Part of the challenge of working with white ink is that it has titanium dioxide in it. It’s a unique pigment that, for years, has been used to create white inks of all sorts. In other words, it makes your white ink even whiter. To create the ink, we suspend this metal compound in water, and over time, it settles due to gravity.
When the ink settles, it has the potential for damage to the ink lines, dampers, capping station, and print head. So, to prevent that, you’ll need to agitate a cartridge, bottle, or utilize an auto-circulating system of some sort.
If your printer doesn’t circulate white ink for you, then you will need to make sure the ink stays in solution by performing regular maintenance.
Printing on dark-colored garments and fabrics
When printing on dark fabrics, I’ll use the same advice as above, test everything. DTG inks are water-based, so printing on a natural fiber will yield a much better result than something synthetic.
Take, for example, polyester. It’s basically plastic, so when you print with water, the synthetic fibers will want to repel the water. Most of the time, you will see this in the curing process. There are ways to get around this, but the methods take longer and aren’t as productive and predictive, which drives up the costs.

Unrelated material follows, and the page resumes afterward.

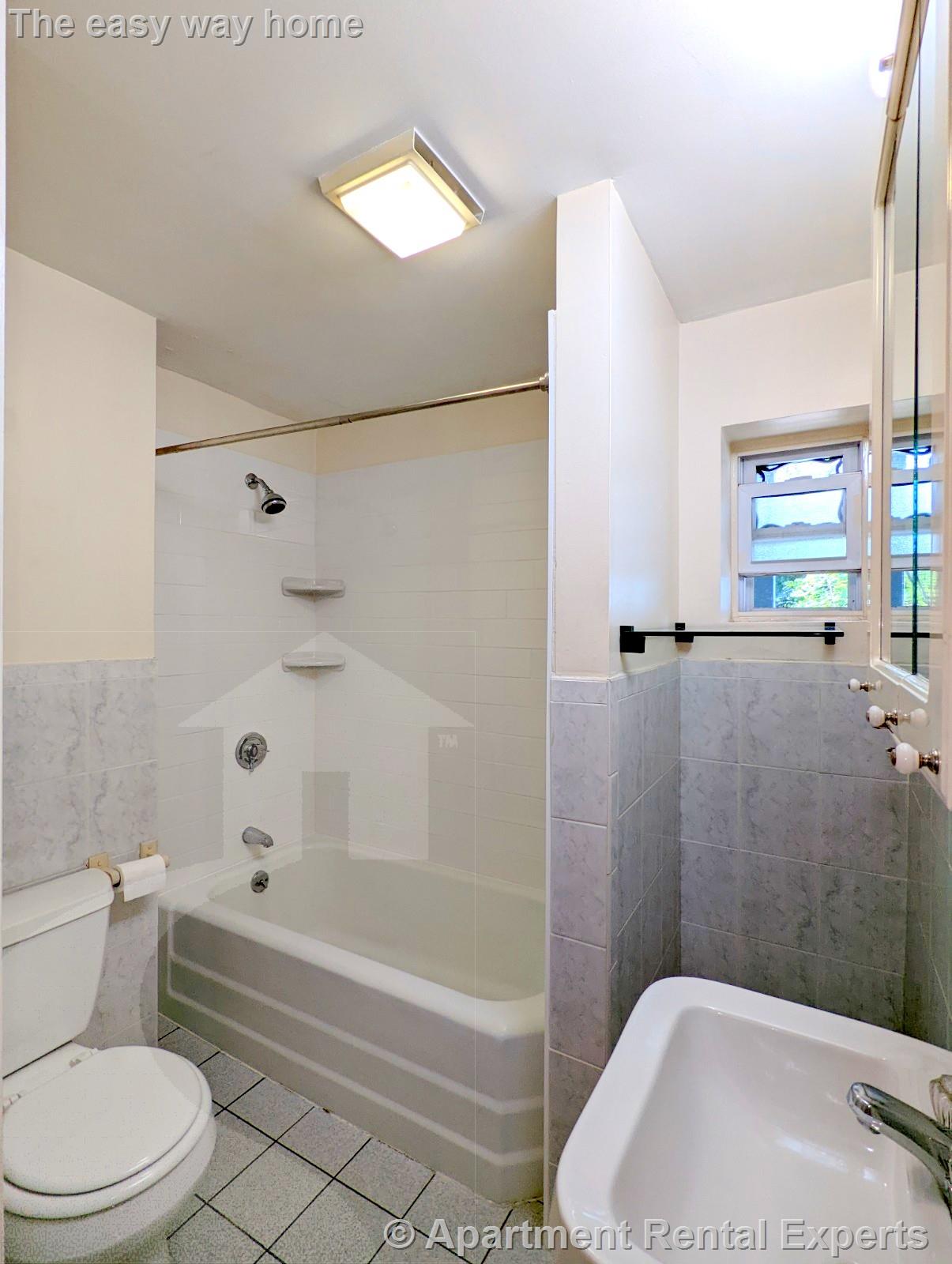 7 Locke St, Davis Square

With 100% cotton, the fibers of the fabric tend to absorb the ink rather than repelling it. But manufacturing of the garment (how and where) can make a difference.
One of the best methods I’ve seen using only a heat press and the right shirt (preferably ringspun) is the following:
- After spraying garment with pretreatment, hover for at least 30 seconds
- Place a non-absorbent sheet of paper that is silicon infused over the shirt
- Press with heavy pressure
Why heavy pressure? Try this test sometime, fold a shirt in half lengthwise, and press a crease in the shirt. Then place the creased shirt in the center from top to bottom of the heat press and put a freshly pretreated shirt over the top of that and press with medium pressure.

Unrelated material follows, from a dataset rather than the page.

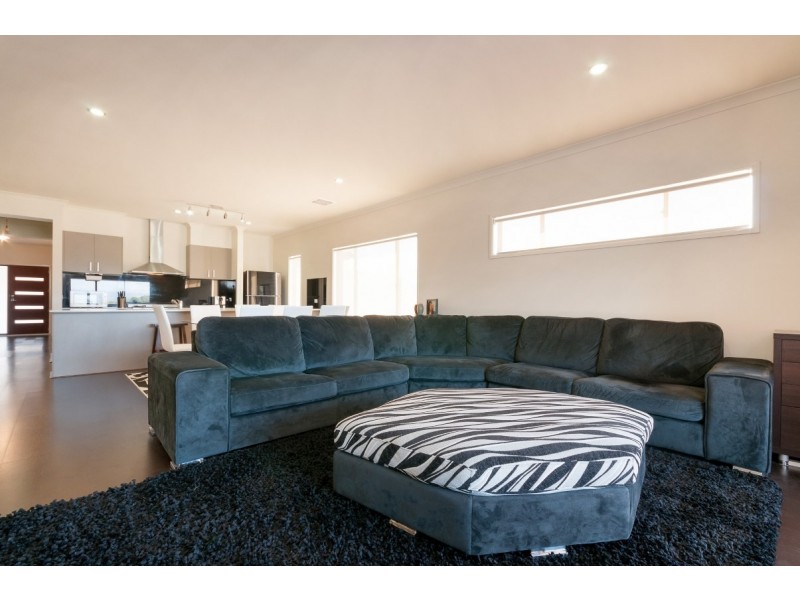 10 Salute Court, Wallan VIC 3756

What you’ve done is created a garment in which half of it has medium pressure, and half of it has heavy pressure. Print on that and look at the results. The heavy pressure will produce a brighter white ink, but why?
When using heavy pressure, you are capturing some of the critical components of the pretreat and essentially trapping it on the fabric. Throughout this process, the glossier the cover sheet, the more chance of a crystalized or shiny surface, which is why you want to hover first. It will reduce this effect.

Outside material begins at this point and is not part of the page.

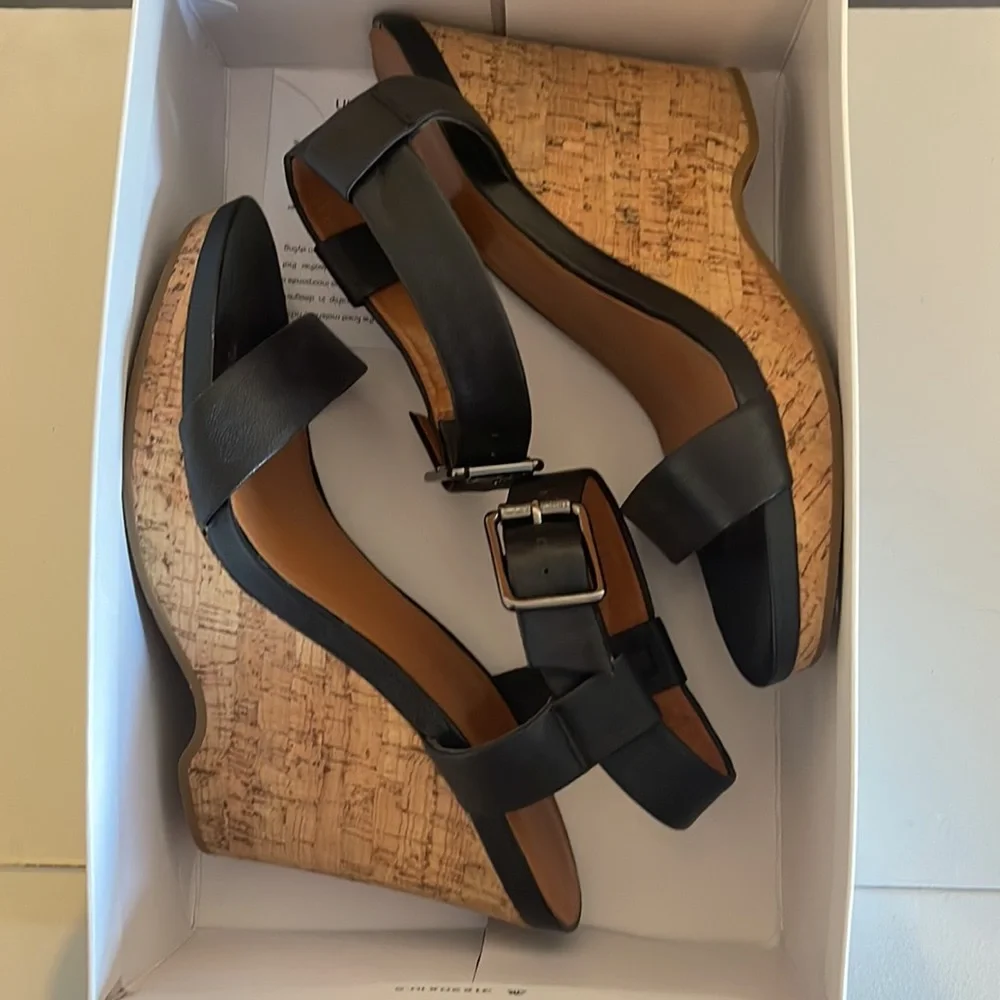 Calvin Klein Black Leather & Cork Wedges Sz 10 - Picture 11 of 11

One last area when it comes to printing on dark garments is discoloration. Sometimes, you just have to change the garment style/brand to get away from this. If the amount of pretreatment you have discolors the shirt but has a solid white or the amount in which it doesn’t discolor the garment but has a poor white, there’s nothing else to do but go other than a different garment.
Some of those colors might be greens, reds, and grays, but I’ve seen it where changing the brand was the only thing that alleviated the issue.
And once again, this is why in all of this, you document everything you are doing. It will not only help you understand the process better, but it will decrease your learning curve and turn your challenges into advantages.